It’s not that Crete isn’t great, it is. It’s just that Santorini is mind-blowing. I’ve been to a lot of islands before, and even some volcanoes, but nothing prepared me for the blinding beauty of this incredible Greek island. Or is it a caldera? Whichever, it’s amazing.
Santorini is a lot whiter than most places, even Boston.
The morning of our last day in Athens, we caught a short flight to Santorini, an “island” about 120 miles south of Greece, known for its many bright, whitewashed buildings.
This circular cluster of small islands peeking out of the middle of the Mediterranean Sea—an archipelago, if you want to be technical—is actually the caldera of a now-dormant volcano. Essentially, it’s what’s left of an underwater volcano after four millennia of turbulent eruptions. So calling Santorini an “island” is more like wishful thinking. It is, regardless, spectacularly beautiful.
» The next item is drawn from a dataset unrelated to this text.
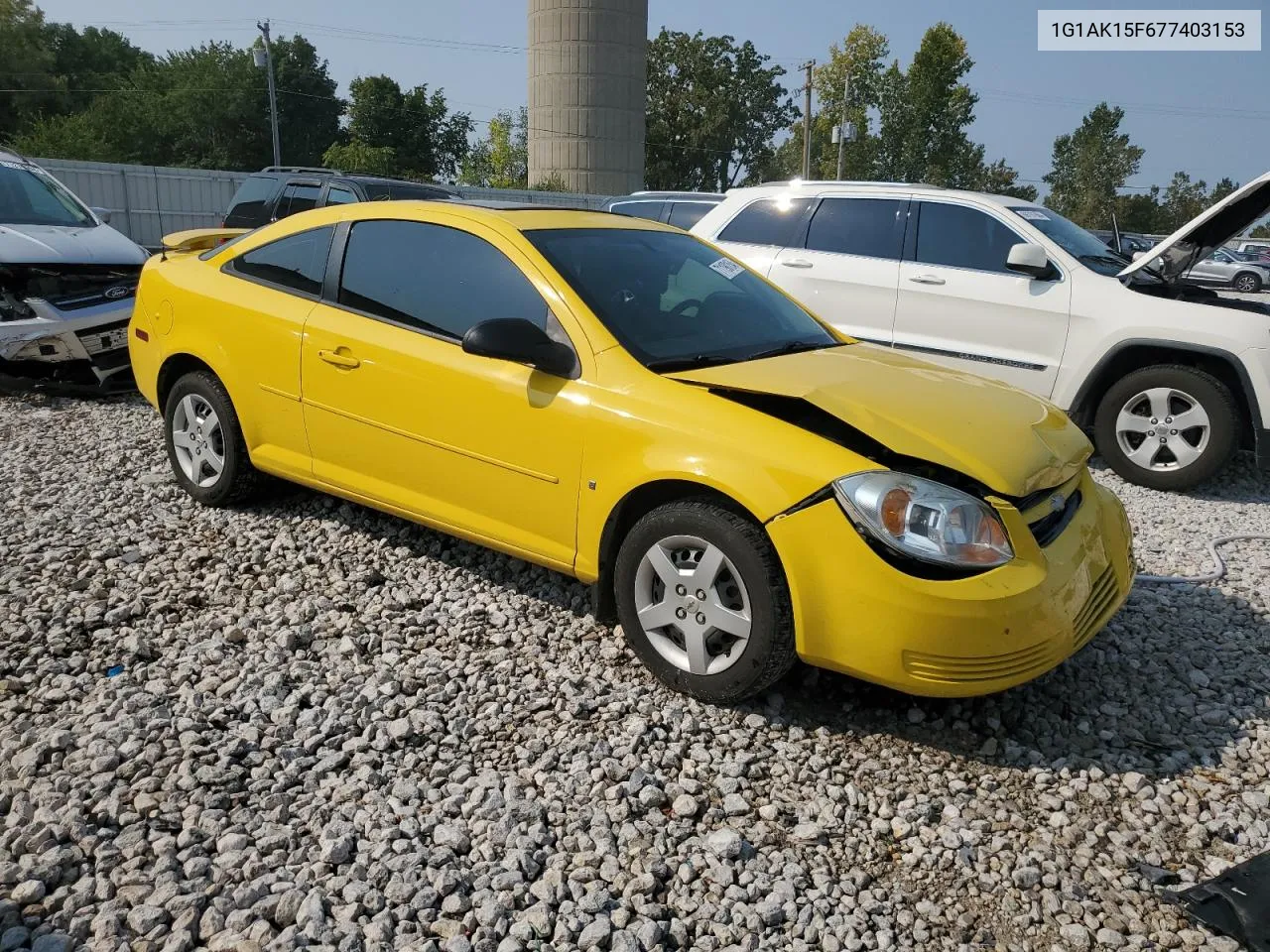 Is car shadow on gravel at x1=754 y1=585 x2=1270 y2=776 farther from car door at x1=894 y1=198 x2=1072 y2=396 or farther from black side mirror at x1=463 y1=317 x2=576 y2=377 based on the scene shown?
car door at x1=894 y1=198 x2=1072 y2=396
Our pilot managed to land our tiny plane safely on Thira, the largest section of land in Santorini, although that’s not really saying because the caldera’s total land area is only 35 square miles.
From the Thira Airport, we rented a Renault Scenic and drove to our accommodations, Villas Tholos. On the way, we drove up and down hills that made San Francisco look like Kansas. Somehow, we arrived safely without ever sliding down the steep cliff sides to our untimely deaths.
Our white-washed room at Villa Tholos was so bright, sunglasses were mandatory until 11pm. Its walls jutted straight out towards the water from the cliff side, offering staggering views of Santorini, the entire caldera itself, and the so-called, “most famous sunset in the world.” Even though we didn’t try very hard, we couldn’t disprove it.
But Santorini isn’t just about spectacular views and sunsets, though I would’ve been happy with that. No, Santorini is also the long-rumored location of Atlantis, the Lost City — a highly advanced island civilization that, according to Plato, disappeared into the sea, and it’s easy to see why. One wrong step, and you’re slipping headlong into the sea.
There’s a Greek archaeological dig site known as Akrotiri.
A few kilometers south of Fira, the main town on Santorini, there’s an archaeological dig site called Akrotiri. Centuries earlier, Akrotiri was a thriving Minoan metropolis and port.
But one day, the volcano gods got ticked and went all Pompeii on the city, burying it abruptly in volcanic ash. There, frozen in time, the citizens remained undisturbed until 1967, when Akrotiri was rediscovered; perfectly preserved.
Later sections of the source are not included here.